The selling off of Jewish assets was one of several ways of slowing down inflation in occupied Europe and countries allied with Germany. The German government funneled the proceeds from the sale of those assets into individual state treasuries. From there they were transferred to the budgets for occupation costs. The precise system differed from country to country and depended on local political conditions.
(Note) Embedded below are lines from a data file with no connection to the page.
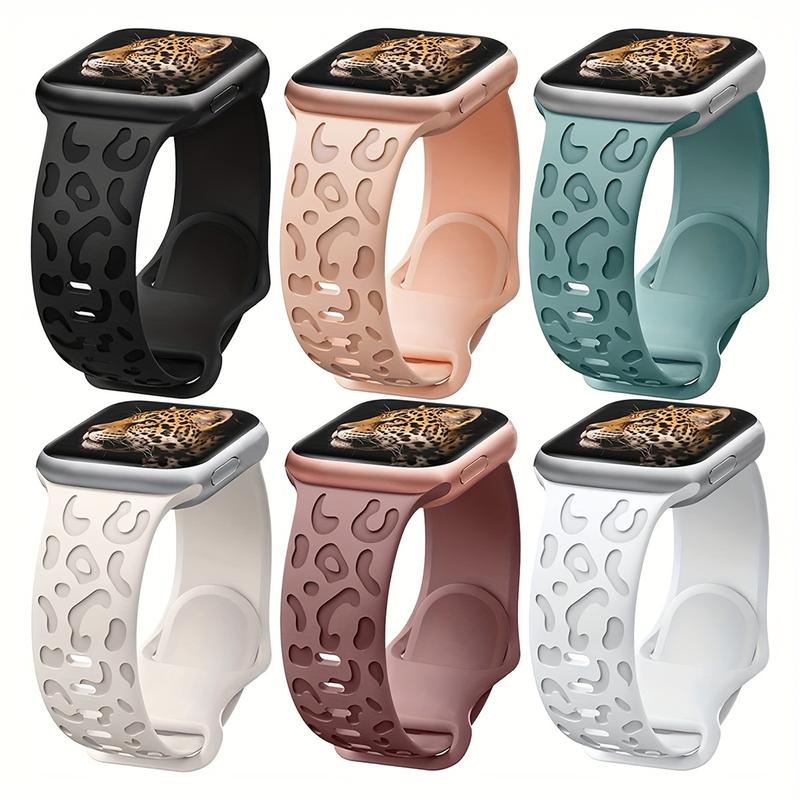 Leopard Engraved Band Compatible With IWatch Band 38mm 40mm 41mm 42mm 44mm 45mm 49mm, Waterproof Cheetah Sport Silicone Wristbands Replacement For IWatch Series 8 7 6 5 4 3 2 SE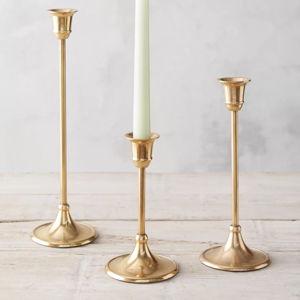 Set of 6 Brass Gold Candle Holders for Taper, Vintage Candlestick Holder Decorative Metal Candle Sticks Home Decor Centerpieces for Table Mantel Festive Decorations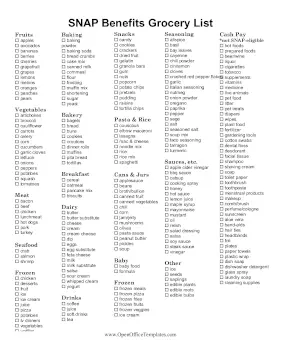 SNAP Shopping List OpenOffice Template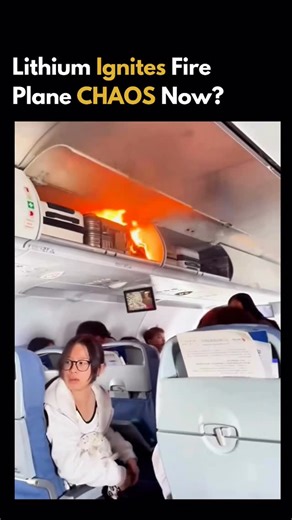 Artificially Influenced | AI on Instagram: "Here’s how most dangerous life moments look high in the sky when a passenger’s lithium battery luggage suddenly ignites. FAA reports lithium incidents on planes spiked 16 percent to 89 in 2024 averaging two weekly fires through mid-2025 endangering thousands at cruising altitude. Passengers gasp as flames erupt from overhead bins triggering oxygen masks and emergency protocols while crew battles with foam extinguishers. Statistics show flyers carry fou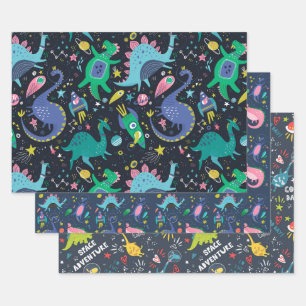 Feuille plate de papier d'emballage Space Dino Jeu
Expropriation procedures were shrouded in extraordinary secrecy, which makes them difficult to reconstruct. A case in point is Belgium, where Jews had to be dispossessed directly by the German military commander, after local administrators refused to cooperate. The Nazi ordinances were almost certainly decreed on May 16, 1941, at a meeting in Brussels involving leading occupation officers; Göring’s deputy, Erich Neumann; and high-ranking civil servants from the Reich Finance Ministry. According to the minutes, the sole subject discussed was “the question of occupation costs,” which had to be kept down “because of concerns about currency stability.”
9
A fortnight later, the German military commander in Belgium ordered Jews to report their assets. There is reason to believe that at the May 16 meeting the Finance Ministry officials demanded the establishment of a special office for expropriation. The minutes include the following notation: “In addition, we request that a specially authorized agent be assigned. (Deputy Neumann interrupts: ‘That doesn’t require any discussion.’)”
10
The appointment of such agents in German-occupied countries was common practice. In November 1944, confronted with resistance in the German-occupied north of Italy, the German commissioner at the Banca d’ltalia wrote that from then on, in Venice and Friuli, “instructions concerning the consolidation of confiscated bank assets of individual Jews are to be forwarded directly to the responsible bank.” To carry out the seizures, German bank commissioner Maximilian Bernhuber sought the aid of the commanding officers of the Security Police and the Security Service.
11
The dispossession of citizens of a foreign country for the benefit of the German war chest was planned in conversations involving small groups of senior officials. Under no circumstances was there to be a paper trail. The German civil servants who carried out the orders from above apparently tried to treat the seizures, which violated international law, as discrete measures undertaken by the various occupied countries and territories themselves. Historian Gerhard Aalders has recently concluded that this approach was used in Holland. According to Aalders, German occupational authorities were continually “entering” funds in the books, then “transferring” them to general accounts, realizing “a high degree of success in concealing their actual aims.”
12
Financial Aid for Serbia
Serbia is the only country in which enough documentation has survived to make it possible to reconstruct with a fair degree of clarity the decision-making process regarding Jewish assets. Serbian Jews were murdered with extreme rapidity. A scant year after the German invasion, in mid-April 1942, the head of the Wehrmacht military administration summed up the situation: “Months ago I had all the Jewish men we could round up here shot and had the Jewish women and children interned in camps. With the help of the Security Service, I’ve procured a ‘delousing vehicle’ with which the clearing of the camp will be completed for good in around 14 days to 4 weeks.” (The author was referring, of course, to a truck in which women, children, and the elderly would be suffocated by exhaust fumes.) A few weeks later, most of Serbia’s approximately 22,000 Jews were dead. On May 23, the head of the Jewish division in the Foreign Ministry proclaimed: “The Jewish question in Serbia is no longer acute. The only matters left to be settled are legal ones concerning assets.”
13
The unit designated to confiscate the assets was Department 17 (later changed to Department 12) of the General Plenipotentiary for the Economy in Serbia; it was headed by a Reichsbank administrator named Hans Gurski. No sooner had units of the Wehrmacht and the SS exterminated Serbia’s Jews than members of the occupational authority and administrators of Göring’s Four-Year Plan began discussing how to utilize the material assets left behind.
14
According to a memo dated May 23, 1942, the Foreign Office assumed that these assets, once claims by Germany had been settled, would be put “in a kind of fund to be managed by the Reich.”
15
Representatives of the Administrative Commission for Jewish Real Estate and Property also anticipated “the possibility that Jewish assets in Serbia will later fall to the Reich.”
16
The majority of administrators saw the revenues to be earned from Aryanization as an advance payment on the as yet unspecified “wartime reparations” Serbia would be forced to make to the aggressor, Germany.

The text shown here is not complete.